It’s been six weeks since my first post and I now realize this sorting process is taking far longer than I ever expected. It all sounded so simple! A couple of years ago I first came upon Tim and Lynn Martin’s blog as they embarked on a similar adventure. They explained how they donated or sold their possessions including their home in just a couple of weeks. Not a problem…I thought, I can do that! Maybe I just didn’t take into account how much we had accumulated in the past 20 years, but having done periodic sorting I really thought it would be relatively easy! WRONG!
When Bob retired on June 13 we sat down and established a schedule setting aside a day per room, thinking we’d put things into 4 piles: things the kids needed to look at, estate sale, Goodwill or throw out, keeping only those things that we’d use in the next few months and keeping in mind, we want the house to look like a home as it shows to prospective buyers. My plan proved a bit too ambitious!
First obstacle: what do we do with the things that we will sell? And the things the kids need to go through? At first we set aside a room for those items, but when that room filled in the first few days, we realized that wasn’t going to work. So we began putting things in closets…those closets I had just been so proud of emptying!
A second challenge was trying to determine what items have more than sentimental value and if they do, then what do we do with them? For instance, we found two prints from the 1930’s with artist signatures. After researching on the internet we found an art appraiser in Holland, Michigan, and made an appointment to talk with him. Turns out they do have significant value and so we are going through a process to preserve them. (Amazing how when treasures are found, we have to spend more money to ensure their continued value!) Having accumulated costume jewelry from Bob’s maiden aunts, his mother and my mother, we literally have buckets of the stuff. What does one do with that? To sell it on eBay would take an incredible amount of time…something that seems to be pretty scarce right now.

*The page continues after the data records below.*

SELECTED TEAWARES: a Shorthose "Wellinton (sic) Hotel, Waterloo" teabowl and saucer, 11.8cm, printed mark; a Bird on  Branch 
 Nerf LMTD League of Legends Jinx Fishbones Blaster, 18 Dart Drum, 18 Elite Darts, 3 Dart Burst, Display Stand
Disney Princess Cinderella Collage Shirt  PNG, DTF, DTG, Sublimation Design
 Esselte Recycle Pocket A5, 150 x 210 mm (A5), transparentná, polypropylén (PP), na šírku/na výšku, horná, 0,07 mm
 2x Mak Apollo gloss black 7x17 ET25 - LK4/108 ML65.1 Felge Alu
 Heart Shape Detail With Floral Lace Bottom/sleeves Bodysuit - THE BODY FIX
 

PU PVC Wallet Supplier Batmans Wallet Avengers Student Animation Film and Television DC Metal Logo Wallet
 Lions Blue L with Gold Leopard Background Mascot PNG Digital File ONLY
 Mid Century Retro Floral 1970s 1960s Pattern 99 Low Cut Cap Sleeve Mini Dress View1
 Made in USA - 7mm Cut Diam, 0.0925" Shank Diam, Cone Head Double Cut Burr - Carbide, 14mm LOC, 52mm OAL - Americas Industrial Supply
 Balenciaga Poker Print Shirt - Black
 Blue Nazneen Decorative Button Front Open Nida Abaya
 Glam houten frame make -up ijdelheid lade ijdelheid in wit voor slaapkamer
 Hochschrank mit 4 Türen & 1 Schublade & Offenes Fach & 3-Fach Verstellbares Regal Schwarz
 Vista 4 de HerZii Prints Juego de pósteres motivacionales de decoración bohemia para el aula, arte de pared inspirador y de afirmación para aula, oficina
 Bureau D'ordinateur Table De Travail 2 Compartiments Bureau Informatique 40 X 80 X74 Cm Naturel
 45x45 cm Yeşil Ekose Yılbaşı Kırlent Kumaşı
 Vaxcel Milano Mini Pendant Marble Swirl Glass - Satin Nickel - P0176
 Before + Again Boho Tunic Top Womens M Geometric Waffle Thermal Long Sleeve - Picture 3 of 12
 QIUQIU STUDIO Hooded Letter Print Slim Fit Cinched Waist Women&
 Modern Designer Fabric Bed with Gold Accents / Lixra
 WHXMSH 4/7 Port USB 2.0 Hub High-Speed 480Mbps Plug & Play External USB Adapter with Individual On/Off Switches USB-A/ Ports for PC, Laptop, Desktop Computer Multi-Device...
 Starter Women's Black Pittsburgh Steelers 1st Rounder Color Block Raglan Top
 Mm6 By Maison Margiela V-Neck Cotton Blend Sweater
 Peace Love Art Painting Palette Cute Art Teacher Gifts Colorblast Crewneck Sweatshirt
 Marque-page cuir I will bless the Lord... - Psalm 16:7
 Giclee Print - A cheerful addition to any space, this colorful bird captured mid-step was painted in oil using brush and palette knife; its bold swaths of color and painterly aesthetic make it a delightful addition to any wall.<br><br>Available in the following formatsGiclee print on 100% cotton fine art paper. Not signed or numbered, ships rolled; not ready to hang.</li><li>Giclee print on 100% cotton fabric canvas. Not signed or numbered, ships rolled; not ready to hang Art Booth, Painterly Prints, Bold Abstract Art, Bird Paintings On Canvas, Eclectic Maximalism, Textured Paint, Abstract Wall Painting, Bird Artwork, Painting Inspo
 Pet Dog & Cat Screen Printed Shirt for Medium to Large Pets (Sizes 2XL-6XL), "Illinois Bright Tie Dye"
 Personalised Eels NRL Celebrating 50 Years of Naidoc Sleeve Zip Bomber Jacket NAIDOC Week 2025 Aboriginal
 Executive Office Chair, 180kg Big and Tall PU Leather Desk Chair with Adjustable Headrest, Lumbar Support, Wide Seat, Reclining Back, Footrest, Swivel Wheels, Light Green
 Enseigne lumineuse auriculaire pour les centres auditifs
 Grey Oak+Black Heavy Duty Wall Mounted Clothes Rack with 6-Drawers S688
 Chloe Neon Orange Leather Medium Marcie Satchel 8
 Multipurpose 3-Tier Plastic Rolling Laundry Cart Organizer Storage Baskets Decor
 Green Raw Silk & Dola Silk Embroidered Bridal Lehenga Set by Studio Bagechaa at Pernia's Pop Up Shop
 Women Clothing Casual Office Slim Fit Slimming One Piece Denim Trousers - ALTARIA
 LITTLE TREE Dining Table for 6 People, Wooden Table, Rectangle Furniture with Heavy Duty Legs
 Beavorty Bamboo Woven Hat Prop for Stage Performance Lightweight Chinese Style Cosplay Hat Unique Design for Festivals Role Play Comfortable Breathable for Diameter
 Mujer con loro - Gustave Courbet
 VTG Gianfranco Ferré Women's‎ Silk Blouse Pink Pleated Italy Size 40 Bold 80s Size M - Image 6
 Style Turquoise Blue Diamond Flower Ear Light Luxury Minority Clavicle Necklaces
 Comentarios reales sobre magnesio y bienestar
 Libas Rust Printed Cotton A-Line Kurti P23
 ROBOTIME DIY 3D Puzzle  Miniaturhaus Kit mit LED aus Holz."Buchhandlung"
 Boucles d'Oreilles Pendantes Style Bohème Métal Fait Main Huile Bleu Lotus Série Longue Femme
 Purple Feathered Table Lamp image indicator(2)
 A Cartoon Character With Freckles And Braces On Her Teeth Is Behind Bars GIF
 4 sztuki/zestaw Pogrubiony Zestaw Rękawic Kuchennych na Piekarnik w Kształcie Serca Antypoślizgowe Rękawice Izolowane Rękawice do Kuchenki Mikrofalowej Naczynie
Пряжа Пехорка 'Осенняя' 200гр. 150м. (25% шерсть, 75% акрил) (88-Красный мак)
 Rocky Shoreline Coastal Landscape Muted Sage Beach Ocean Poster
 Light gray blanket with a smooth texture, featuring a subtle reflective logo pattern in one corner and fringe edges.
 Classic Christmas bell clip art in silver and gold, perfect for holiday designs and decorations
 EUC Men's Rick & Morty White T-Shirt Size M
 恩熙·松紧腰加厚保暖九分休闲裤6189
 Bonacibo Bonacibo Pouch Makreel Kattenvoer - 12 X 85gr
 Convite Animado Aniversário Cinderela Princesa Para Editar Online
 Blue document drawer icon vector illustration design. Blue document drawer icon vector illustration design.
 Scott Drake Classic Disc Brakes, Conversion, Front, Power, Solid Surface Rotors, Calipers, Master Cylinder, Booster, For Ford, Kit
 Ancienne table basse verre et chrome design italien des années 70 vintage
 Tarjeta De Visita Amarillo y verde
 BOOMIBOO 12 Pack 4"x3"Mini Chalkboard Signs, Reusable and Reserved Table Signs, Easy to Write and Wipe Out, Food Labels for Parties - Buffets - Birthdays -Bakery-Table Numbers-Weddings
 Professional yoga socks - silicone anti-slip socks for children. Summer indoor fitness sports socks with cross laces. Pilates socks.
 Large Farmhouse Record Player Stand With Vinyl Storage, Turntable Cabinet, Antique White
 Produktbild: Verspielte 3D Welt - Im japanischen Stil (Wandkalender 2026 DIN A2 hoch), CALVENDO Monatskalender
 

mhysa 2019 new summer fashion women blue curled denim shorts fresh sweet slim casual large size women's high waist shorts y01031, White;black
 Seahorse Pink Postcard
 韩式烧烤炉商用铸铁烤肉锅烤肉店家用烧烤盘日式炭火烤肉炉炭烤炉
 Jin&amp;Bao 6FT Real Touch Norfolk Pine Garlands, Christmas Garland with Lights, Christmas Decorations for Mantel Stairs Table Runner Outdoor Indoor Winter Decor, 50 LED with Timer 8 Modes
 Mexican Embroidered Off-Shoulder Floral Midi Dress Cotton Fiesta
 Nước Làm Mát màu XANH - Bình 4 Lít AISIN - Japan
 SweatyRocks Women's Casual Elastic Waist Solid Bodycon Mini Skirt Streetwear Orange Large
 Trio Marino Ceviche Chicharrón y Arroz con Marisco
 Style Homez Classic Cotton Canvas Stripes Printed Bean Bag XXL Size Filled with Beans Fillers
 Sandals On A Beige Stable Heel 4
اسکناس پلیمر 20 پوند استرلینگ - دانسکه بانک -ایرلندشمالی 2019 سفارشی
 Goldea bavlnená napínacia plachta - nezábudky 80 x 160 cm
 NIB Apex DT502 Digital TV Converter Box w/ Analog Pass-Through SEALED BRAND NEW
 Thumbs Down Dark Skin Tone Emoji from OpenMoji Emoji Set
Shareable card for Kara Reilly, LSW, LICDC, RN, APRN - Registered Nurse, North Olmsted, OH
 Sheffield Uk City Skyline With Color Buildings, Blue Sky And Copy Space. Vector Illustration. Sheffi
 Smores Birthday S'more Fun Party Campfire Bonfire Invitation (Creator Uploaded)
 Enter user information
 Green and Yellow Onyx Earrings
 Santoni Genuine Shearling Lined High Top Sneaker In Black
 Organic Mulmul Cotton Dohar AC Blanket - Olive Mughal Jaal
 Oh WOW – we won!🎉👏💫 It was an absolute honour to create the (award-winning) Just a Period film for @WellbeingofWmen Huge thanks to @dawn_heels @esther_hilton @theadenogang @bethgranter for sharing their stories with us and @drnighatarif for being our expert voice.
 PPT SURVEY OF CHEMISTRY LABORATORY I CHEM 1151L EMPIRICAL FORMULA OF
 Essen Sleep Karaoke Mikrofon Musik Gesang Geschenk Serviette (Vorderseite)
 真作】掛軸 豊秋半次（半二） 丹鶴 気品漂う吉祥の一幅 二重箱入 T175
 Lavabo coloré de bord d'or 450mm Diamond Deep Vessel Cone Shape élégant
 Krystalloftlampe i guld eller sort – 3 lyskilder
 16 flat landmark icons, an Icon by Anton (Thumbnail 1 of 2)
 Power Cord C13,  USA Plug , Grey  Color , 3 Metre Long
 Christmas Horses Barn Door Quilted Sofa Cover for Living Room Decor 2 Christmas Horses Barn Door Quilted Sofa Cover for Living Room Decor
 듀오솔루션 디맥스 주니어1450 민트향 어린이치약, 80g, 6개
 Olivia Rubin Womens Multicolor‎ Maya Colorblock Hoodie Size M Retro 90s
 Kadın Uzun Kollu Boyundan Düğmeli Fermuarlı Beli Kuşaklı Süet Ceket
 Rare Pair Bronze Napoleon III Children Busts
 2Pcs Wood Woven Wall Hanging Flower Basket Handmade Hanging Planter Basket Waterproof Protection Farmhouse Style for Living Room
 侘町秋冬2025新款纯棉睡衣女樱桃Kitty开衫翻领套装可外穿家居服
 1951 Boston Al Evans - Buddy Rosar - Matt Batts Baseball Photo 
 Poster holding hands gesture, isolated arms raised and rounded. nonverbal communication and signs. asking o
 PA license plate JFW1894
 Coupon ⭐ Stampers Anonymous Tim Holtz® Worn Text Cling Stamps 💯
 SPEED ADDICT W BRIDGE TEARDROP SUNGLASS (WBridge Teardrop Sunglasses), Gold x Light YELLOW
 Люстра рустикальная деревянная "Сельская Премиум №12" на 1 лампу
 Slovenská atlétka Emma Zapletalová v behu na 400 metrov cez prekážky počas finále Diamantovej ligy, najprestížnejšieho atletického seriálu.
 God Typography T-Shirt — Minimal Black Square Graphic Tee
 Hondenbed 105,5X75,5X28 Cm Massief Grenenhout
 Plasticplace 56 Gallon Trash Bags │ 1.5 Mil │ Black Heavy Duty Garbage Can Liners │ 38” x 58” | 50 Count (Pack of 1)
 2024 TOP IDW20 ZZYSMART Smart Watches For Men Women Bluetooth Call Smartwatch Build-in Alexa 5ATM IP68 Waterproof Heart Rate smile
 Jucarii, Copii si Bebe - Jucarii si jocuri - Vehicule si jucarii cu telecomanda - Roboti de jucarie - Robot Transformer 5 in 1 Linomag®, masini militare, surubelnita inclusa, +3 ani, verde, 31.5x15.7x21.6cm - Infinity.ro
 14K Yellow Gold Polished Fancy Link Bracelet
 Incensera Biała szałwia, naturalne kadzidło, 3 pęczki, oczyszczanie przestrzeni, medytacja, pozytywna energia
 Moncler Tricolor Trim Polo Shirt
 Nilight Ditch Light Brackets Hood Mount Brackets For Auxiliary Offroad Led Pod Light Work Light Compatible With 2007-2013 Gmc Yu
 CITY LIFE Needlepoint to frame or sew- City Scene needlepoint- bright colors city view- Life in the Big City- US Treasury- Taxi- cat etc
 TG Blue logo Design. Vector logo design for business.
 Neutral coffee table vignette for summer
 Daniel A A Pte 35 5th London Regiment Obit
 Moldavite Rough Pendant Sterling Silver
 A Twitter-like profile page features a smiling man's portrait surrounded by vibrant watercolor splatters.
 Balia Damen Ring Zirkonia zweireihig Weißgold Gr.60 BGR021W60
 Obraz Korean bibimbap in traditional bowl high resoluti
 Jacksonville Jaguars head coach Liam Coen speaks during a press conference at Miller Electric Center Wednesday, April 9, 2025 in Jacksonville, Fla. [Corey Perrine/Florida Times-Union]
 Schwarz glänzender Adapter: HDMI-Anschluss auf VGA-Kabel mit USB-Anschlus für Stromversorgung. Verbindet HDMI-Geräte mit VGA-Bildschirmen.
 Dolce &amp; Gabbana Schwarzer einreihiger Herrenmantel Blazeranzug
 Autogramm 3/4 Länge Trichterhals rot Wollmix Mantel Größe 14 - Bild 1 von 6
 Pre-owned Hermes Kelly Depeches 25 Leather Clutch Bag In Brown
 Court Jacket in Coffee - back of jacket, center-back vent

Next came box after box of photographs. Bob and I spent more than 24 hours sorting through photos, postcards and notes (so much for the one day per room idea). Some dating as far back as the late 1800’s. Our mantra became: “If our kids don’t know the people, we throw the pictures out!” I did save about 10 sets of pictures to send to relatives and friends for whom the pictures would have some meaning. An added bonus are the notes and phone calls I’ve received when those mementos were received.
Then came the basement. The place where when I don’t know what to do with something, it’s placed in a plastic tub and taken down there…sort of out of sight out of mind. Our son, Stephen, who lives in DC offered to come home for a week and help us go through things. I’m not sure he knew what he was in for when he volunteered. (I’m sure the other 3 kids are thinking, “OMG what do they have in mind for me to do?”) But oh was his help a godsend! We sorted a lot, laughed a lot, and drank a lot of beer. I’m sure it’s an experience neither he, nor his father nor I will ever forget. Finding decades old pictures (yep, there were more down there!) of all of us, long forgotten school projects, souvenirs from family camping trips made for many recollections and while not exactly fun…the experience definitely had its memorable moments of hilarity.
So where do we stand now? The last remaining challenge is the garage. I think as we’ve moved through this process it’s become easier to know what to throw away and what to sell. (After 40+ years in education, however, I have found myself saying, “Oh a teacher could use that. Put that on the free table.”) While Stephen was here we did gather a lot of hazardous wastes including: some pesticides as well as hydrochloric acid, oil paints and motor oil left by the previous owner. Yep, you read that right. We have allowed that to remain in the garage and basement for the past 20 years. After much searching Stephen found a location about 80 miles from here that would accept these items periodically and how convenient that the next collection date (by appointment only) was only 2 days after his call. We traipsed down there with 4 tubs full of wastes. We were so pleased with ourselves that we were discarding these items in a safe way! When we got home after driving more than four hours, Bob said, “I won’t tell people how stupid we are, if you don’t. We left the oil paint and the Raid in the middle of the garage floor!” When Bob called to schedule a second appointment for the conservation area’s next collection date, the woman inquired, “Weren’t you just here?” Guess the secret’s out now!
I think we’re making good progress! We’ve contacted a realtor. The house goes on the market August 25. This gives us three weeks to get the garage cleaned out and the deck painted. Then hopefully the house will sell quickly. In early September we’re headed to Alaska for a couple of weeks. Wouldn’t it be nice if the house sold while we were gone?